Nicolas Kirkitadze Nicolas Kirkitadze 11 septembre 2018 13:20

@Bruno Hubacher

Le néolibéralisme est effectivement une idéologie et une conception du monde contestable. Mais tout comme le stalinisme n’a que peu à voir avec Marx, le néolibéralisme n’a que peu de points communs avec les principes fondateurs de la pensée libérale.
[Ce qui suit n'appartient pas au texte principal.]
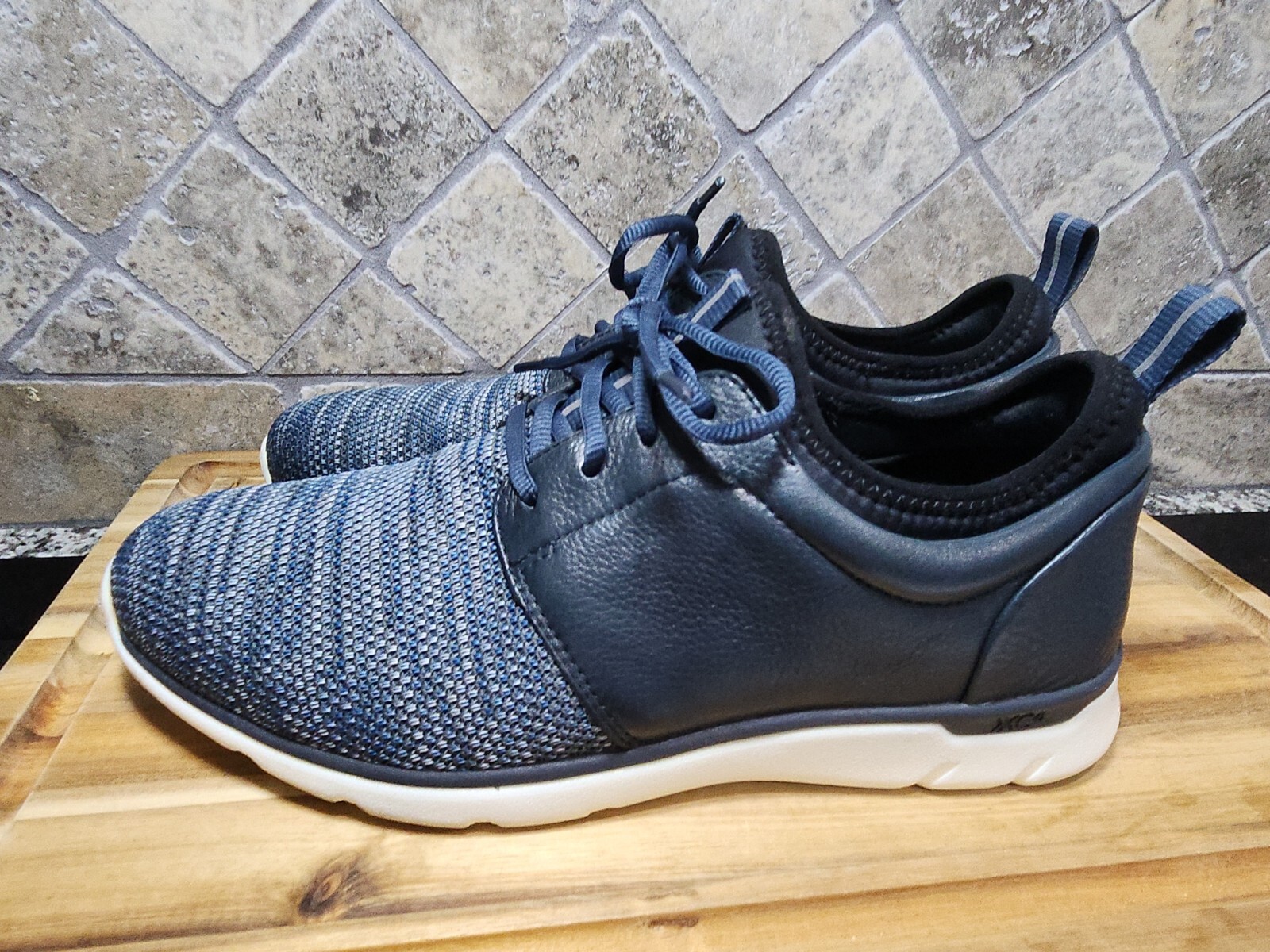 SAOLA 25 3057 XC4 9 5 M W scarpe impermeabili in pelle di pecora blu Johnston & Murphy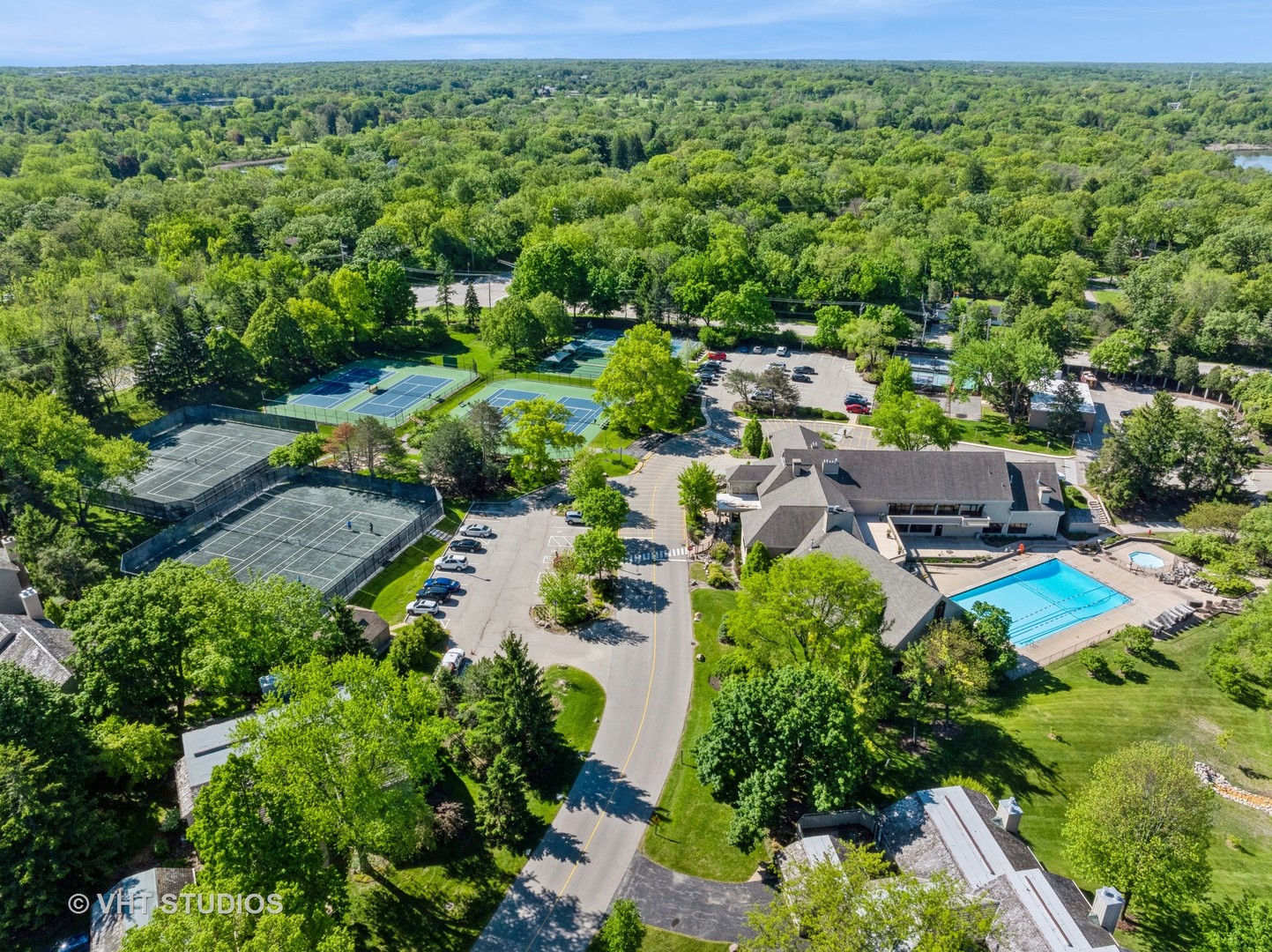 97 Thornhill Lane #D, Lake Barrington, IL 60010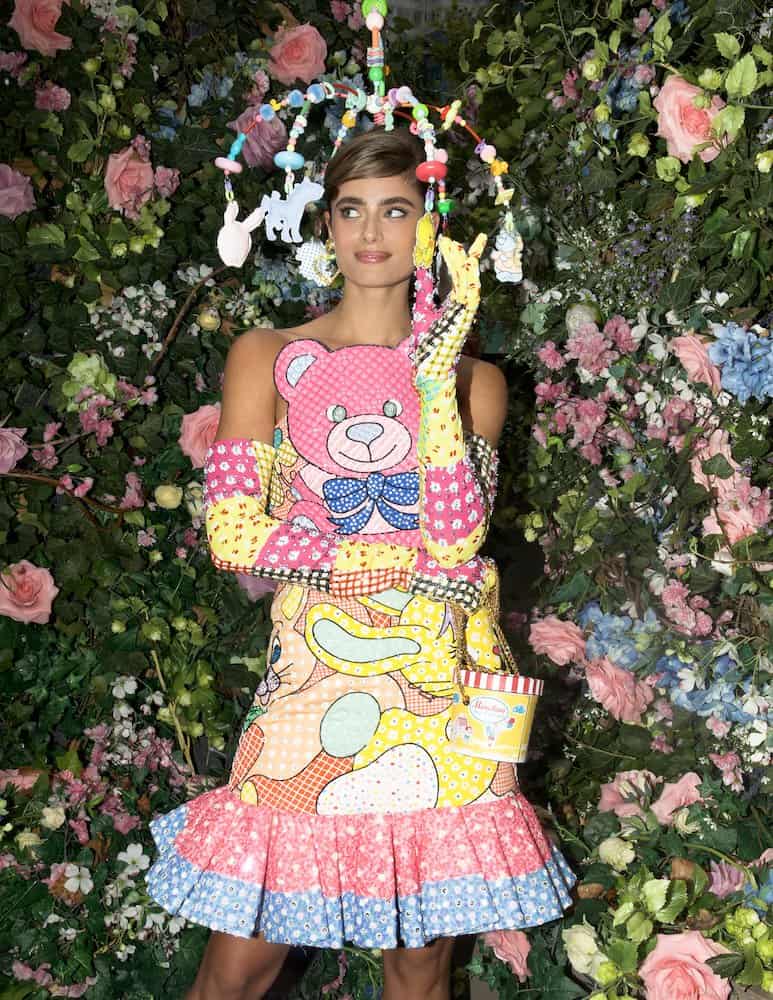 Moschino: Ready-to-wear SS22 - 10 Magazine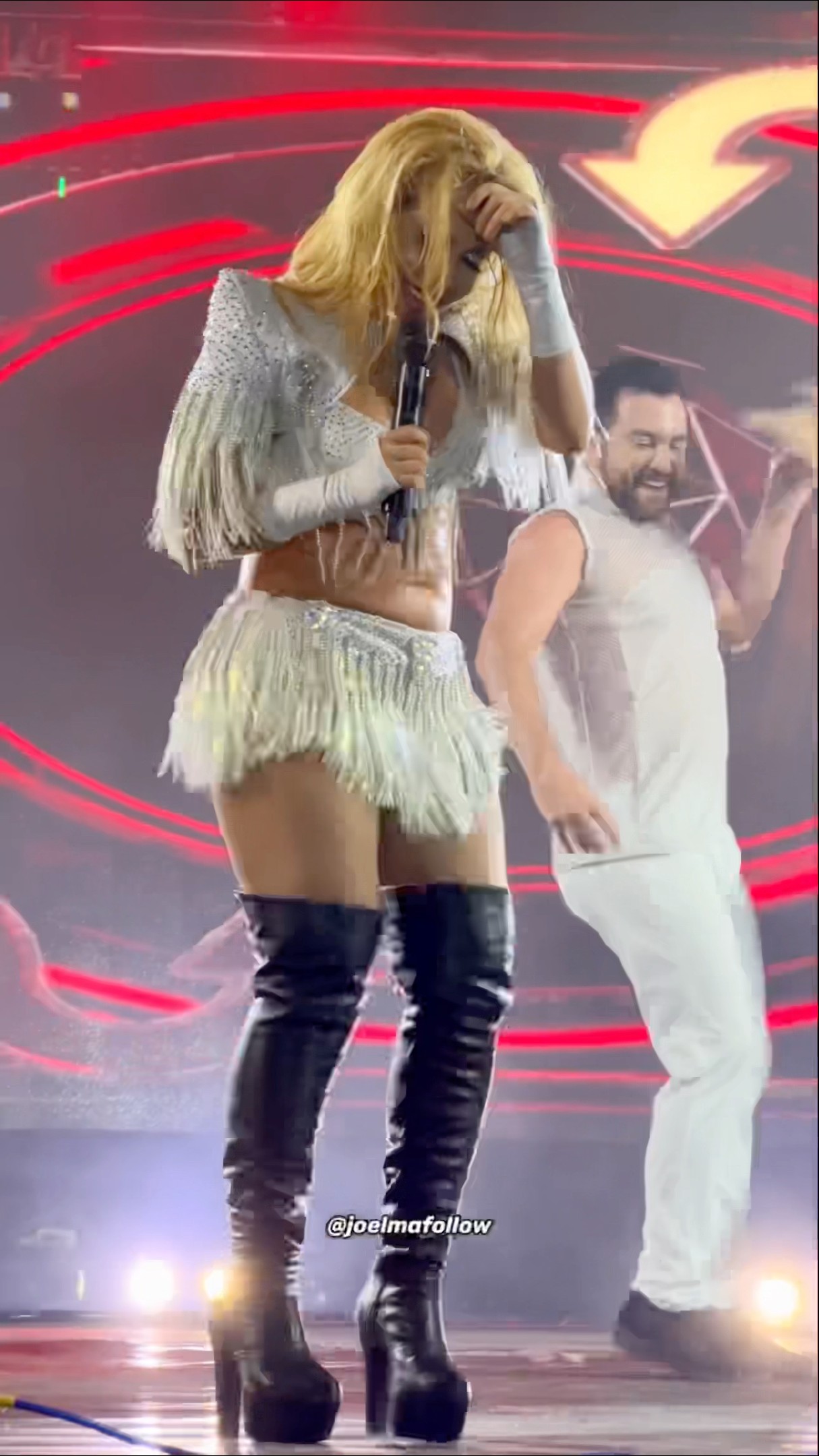Joelma cantando na língua do P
Je fais souvent l’éloge de la philosophe Ayn Rand dans mes articles. Plusieurs raisons à cela : premièrement, c’est grâce à la lecture de ses ouvrages que j’ai réalisé à quel point j’étais éloigné du nationalisme que je pensais être ma famille politique et à quel point la vision que j’avais du libéralisme était éloignée de ce qu’il était en vérité. Deuxièmement, la France est le pays le plus antilibéral d’Europe et même si Ayn Rand est un peu trop radicale (même pour un libéral) je pense que sa lecture ferait du bien à notre jeunesse et ferait peut-être bouger les choses. Enfin, c’est toujours rafraîchissant de lire la pensée d’une philosophe qui promeut l’ascension prométhéenne de l’individu et veut briser les codes. En tout cas, pour moi, ses livres La Grève et Nous, les vivants sont à classer parmi les ouvrages qui m’ont le plus marqué. 

Cependant, je ne partage pas la globalité de ses points de vue : je lui reprocherais notamment de négliger l’aspect spirituel (or, le bonheur ne peut se résumer par la richesse matérielle, même si ça aide) et je lui reprocherais également une vision trop financiarisée du libéralisme. Le libéralisme prônant la liberté, il faut aussi se libérer de l’argent selon moi : car, que l’on soit un esclave de l’Etat ou d’une multinationale, il n’y a pas de différences réelles. Pour moi, le libéralisme est avant tout une conception philosophique, puis politique et enfin économique, alors que Ayn Rand avait un schéma inverse. En fait, les philosophes (cela vous pour tous) doivent être remis dans le contexte de leur époque : lorsque Ayn Rand écrivait, les USA faisaient face à la montée d’une contestation sociale et au danger communiste, ce qui a sans doute poussé la philosophe à se radicaliser dans son libéralisme pour répondre à la radicalité du camp d’en face. Même si je la considère comme une des plus grandes philosophes du siècle précédent, je pense qu’elle doit être lue avec un esprit critique et on doit en emprunter les pensées qui sont d’actualité mais certaines de ses propositions ne sont évidemment plus adaptées à notre monde. On peut aimer Voltaire et Aristote sans reprendre le racisme du premier et l’esclavagisme du second. Il en est de même pour tous les philosophes dont il ne faut surtout pas adopter la globalité des idées.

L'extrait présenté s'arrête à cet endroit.